By guest blogger Arthur Stein
I attended a talk by a sociologist, Noah Friedkin (UCSB), discussing the structure of influence in networks and groups and his findings strike me as interesting for our discussion of multilateralism.
Friedkin has done experiments in which people are asked for some assessment and then get a chance to interact and then make a post-discussion assessment. A general finding in groups of 3 or more is that the second assessment almost invariably is within the bounds set by the initial assessment. Whether people modify their initial assessments or , whether they achieve a consensus or not, the set of second judgments falls within the outer bounds of peoples’ initial position.
This result does not hold in dyads. In the interaction between two people, a substantial portion of the time there are post-discussion outcomes of both consensus and disagreement that are outside the bounds of the initial judgments of the people. This is puzzling on two counts. First, why would two people take one position initially, and then have one or both of them take a subsequent position outside the range established by their initial positions.
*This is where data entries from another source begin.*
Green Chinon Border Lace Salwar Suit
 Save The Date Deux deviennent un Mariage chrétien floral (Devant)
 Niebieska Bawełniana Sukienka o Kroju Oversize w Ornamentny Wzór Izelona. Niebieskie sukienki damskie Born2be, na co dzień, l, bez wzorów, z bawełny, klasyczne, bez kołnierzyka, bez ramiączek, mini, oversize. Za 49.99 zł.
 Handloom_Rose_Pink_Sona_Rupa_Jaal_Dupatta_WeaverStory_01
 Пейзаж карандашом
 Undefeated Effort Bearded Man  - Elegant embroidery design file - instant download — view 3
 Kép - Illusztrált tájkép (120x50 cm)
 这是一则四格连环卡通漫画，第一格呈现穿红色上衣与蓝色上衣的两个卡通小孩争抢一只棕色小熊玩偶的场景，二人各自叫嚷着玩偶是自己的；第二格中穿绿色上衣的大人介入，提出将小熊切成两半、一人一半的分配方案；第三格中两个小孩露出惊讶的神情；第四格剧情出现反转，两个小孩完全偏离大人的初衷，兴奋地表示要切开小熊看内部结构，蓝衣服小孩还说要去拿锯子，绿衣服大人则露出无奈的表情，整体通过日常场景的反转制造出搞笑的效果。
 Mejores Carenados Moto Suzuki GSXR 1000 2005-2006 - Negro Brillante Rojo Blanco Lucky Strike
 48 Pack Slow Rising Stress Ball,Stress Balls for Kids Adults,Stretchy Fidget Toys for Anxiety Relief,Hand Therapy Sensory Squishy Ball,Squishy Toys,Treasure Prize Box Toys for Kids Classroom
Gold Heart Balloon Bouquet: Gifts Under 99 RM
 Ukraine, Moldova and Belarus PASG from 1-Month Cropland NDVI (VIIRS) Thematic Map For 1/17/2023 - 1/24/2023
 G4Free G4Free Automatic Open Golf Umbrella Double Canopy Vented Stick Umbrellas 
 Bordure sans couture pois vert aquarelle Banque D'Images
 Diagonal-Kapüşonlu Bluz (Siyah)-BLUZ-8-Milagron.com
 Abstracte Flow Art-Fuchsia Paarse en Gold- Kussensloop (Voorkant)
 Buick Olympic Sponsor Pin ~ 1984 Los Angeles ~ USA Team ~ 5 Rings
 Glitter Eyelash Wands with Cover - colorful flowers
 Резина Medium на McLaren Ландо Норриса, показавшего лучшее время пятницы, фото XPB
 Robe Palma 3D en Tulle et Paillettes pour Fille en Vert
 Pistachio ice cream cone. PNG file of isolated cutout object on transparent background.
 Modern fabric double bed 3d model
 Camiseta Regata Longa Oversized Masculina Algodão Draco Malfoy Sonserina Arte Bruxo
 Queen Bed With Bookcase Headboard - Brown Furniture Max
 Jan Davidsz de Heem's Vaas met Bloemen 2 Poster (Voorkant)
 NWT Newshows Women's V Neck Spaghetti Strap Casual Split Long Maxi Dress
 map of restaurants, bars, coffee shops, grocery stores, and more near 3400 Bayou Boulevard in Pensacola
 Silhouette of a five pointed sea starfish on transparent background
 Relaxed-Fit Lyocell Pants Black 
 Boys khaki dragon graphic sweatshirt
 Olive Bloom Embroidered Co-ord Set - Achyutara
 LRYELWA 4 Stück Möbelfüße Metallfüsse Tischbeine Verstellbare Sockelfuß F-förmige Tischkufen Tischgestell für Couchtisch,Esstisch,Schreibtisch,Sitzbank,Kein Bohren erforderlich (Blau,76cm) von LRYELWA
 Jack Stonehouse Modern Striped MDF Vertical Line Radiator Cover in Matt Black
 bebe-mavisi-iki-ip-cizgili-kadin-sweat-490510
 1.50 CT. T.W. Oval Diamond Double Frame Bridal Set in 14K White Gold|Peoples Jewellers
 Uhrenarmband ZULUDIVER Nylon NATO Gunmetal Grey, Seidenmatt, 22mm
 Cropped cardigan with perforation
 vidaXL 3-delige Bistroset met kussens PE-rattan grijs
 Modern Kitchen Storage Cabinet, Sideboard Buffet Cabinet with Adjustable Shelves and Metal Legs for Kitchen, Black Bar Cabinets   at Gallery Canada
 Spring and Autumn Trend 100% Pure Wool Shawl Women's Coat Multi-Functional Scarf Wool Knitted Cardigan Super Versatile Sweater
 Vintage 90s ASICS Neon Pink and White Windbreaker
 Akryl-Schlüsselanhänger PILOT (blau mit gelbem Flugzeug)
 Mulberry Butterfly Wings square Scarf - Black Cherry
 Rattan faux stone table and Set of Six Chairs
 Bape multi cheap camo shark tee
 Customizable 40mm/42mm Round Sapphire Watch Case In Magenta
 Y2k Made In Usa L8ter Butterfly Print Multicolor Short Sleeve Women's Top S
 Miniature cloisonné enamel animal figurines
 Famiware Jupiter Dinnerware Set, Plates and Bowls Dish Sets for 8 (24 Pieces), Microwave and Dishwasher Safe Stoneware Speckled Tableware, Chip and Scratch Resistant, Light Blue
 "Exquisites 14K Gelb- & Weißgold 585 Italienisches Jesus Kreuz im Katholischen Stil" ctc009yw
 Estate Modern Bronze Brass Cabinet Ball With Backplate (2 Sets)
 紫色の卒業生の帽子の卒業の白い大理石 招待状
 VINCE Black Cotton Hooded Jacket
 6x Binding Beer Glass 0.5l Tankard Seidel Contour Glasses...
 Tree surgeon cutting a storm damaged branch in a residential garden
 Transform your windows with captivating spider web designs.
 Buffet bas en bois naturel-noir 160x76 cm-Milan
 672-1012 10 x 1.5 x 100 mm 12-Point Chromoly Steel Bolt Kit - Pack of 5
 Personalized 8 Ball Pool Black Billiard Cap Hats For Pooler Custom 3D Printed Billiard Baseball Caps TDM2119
Second, why should this occur almost 20\% of the time in dyads when it is an incredibly rare event in triads and tetrads. Friedkin only offered conjectures, but he did say that the influence dynamic, the process by which two people try to reach a consensus, differs from that of groups of 3 or 4. One speculation is that the critical difference is that in trying to get agreement between two, any one person who tries to get convergence by asserting their dominance simply raises the hackles of the other person and the result can be post-discussion assessments that are outside the original bounds. In contrast, it is easier to find a focal point or it is easier to be influenced by a set of people than by just one.
One can draw implications from this result for our discussion of multilateralism and bilateralism. Multilateralism entails reaching a consensus in groups larger than 2. In contrast, what we sometimes mean by unilateralism is a state acting on its own to deal with an adversary. The US has, for example, insisted on multilateral talks with North Korea rather than accepting the North Korean demand for direct negotiations. The US has agreed to join the EU-3 in nuclear discussions with Iran. The implications of Friedkin’s work on social influence processes is that social influence is more readily achievable in larger-N settings (small groups of 3-4) than in bilateral ones.